You would be forgiven if you were persuaded that this was, on the nose, a sweet wine as the first aroma that greets you is honey and apricot but with a hint of pink grapefruit. On the palate you note all three, but the whole is perfectly balanced with acidity, crispness and minerality making it a dry but fruity wine.
Albarino with sea bass in Mediterranean herbs
We drank it with sea bass initially sautéed at slightly higher heat to crisp the skin and then gently, in salted butter with a mix of Mediterranean herbs (oregano, basil, rosemary, thyme) with red bell peppers, onions and garlic. They were perfect together, with the crispness of the Albarino cutting through the buttery fish sauce. I have been drinking Albarino for 20 plus years and I felt this represented such value for money, that I went out the next day and bought three bottles.
The penultimate wine I asked to taste was Tesco Low Alcohol Garnacha Rosé (£2.75). I have been buying two of Tesco’s excellent zero alcohol wines this summer, Nozeco and Freixenet Rosé Sparkling Wine and I wanted to see if a still wine was as good as the sparkling versions.

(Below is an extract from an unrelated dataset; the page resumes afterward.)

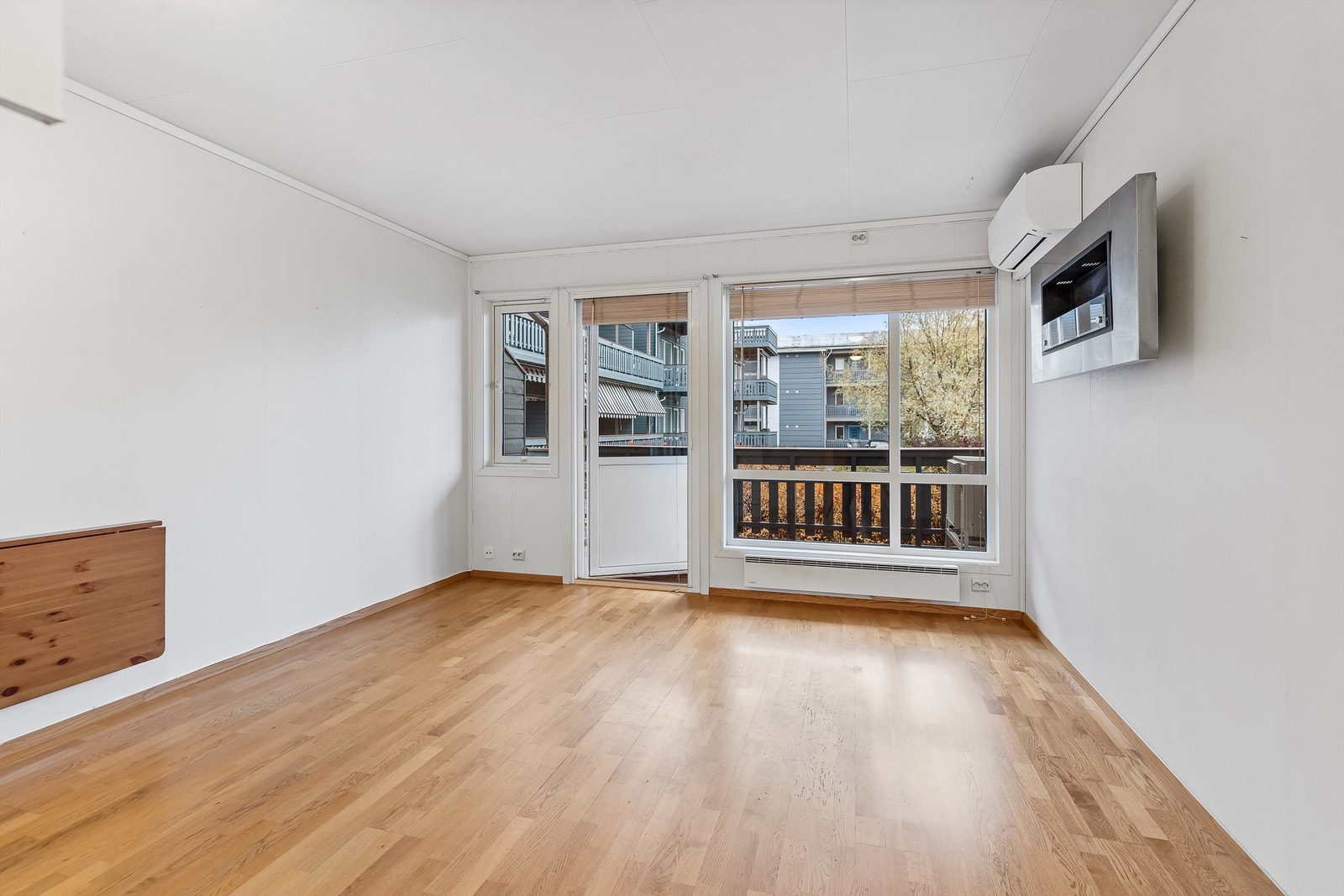 Stuen har fin plass til sofagruppen. Lyse overflater, kombinert med store vindusflater mot balkongen, gir godt lysinnfall og fin romfølelse. Galleribilde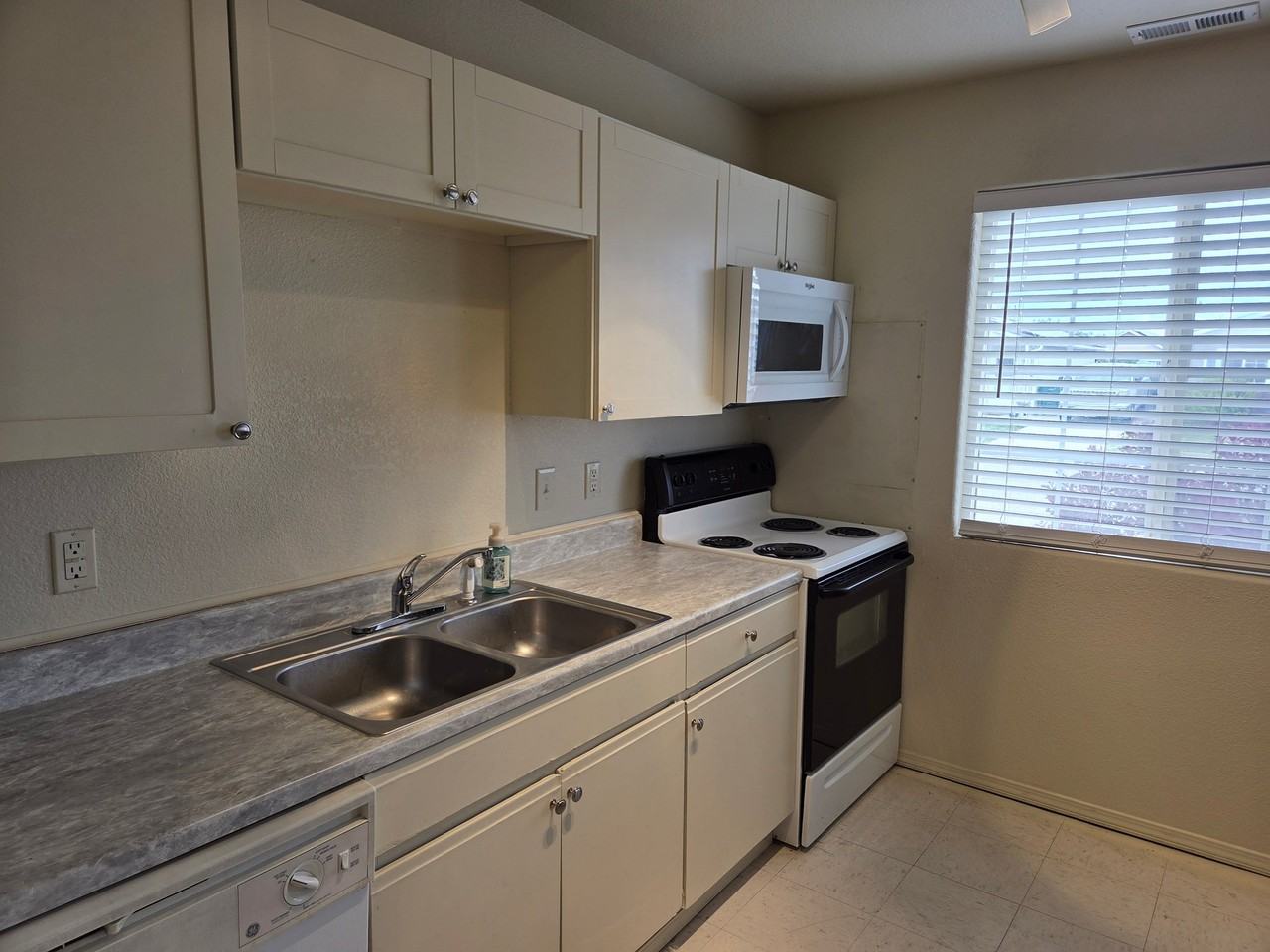 3007 Ontario St - Photo 6 of 17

This is a sweet wine tasting of raspberries and strawberries. It got the thumbs up from my elder granddaughter who described as “Yum” and from friends who can never manage a dessert wine because of added alcohol intake during a meal. I served it with Oswaldo Oliva’s recipe for Tres Leches Cake, which one would think from the ingredients would be over the top in the sugar stakes but is quite amazing. A sponge cake is soaked in a mixture of full cream milk, evaporated milk and condensed milk, with a shot of rum and topped with whipped cream and strawberries. The matching of the wine and pudding was one made in heaven and the wine tasted medium dry when confronted by the cake. It would be well matched with any fruity dessert.
Closing out with Swartland Rosé Shiraz
Finally, I tasted Tesco Finest Swartland Shiraz (£7.50). This had an earthy, damson, peppery nose and on the palate damson, blackberry, cherry and mint, as well as that earthy quality. It is delicious, but much lighter than a full-bodied Ozzy equivalent, which makes it particularly suitable for summer drinking in hot weather. This wine would go well with barbecued meats, especially pork and lamb, but it would be a great match for vegetarian dishes particularly those made with aubergine such as parmigiana.
I really enjoyed tasting a selection of Tesco supermarket wines. It shows that good wines can be found on supermarket shelves and over the years I have discovered some real gems at Tesco.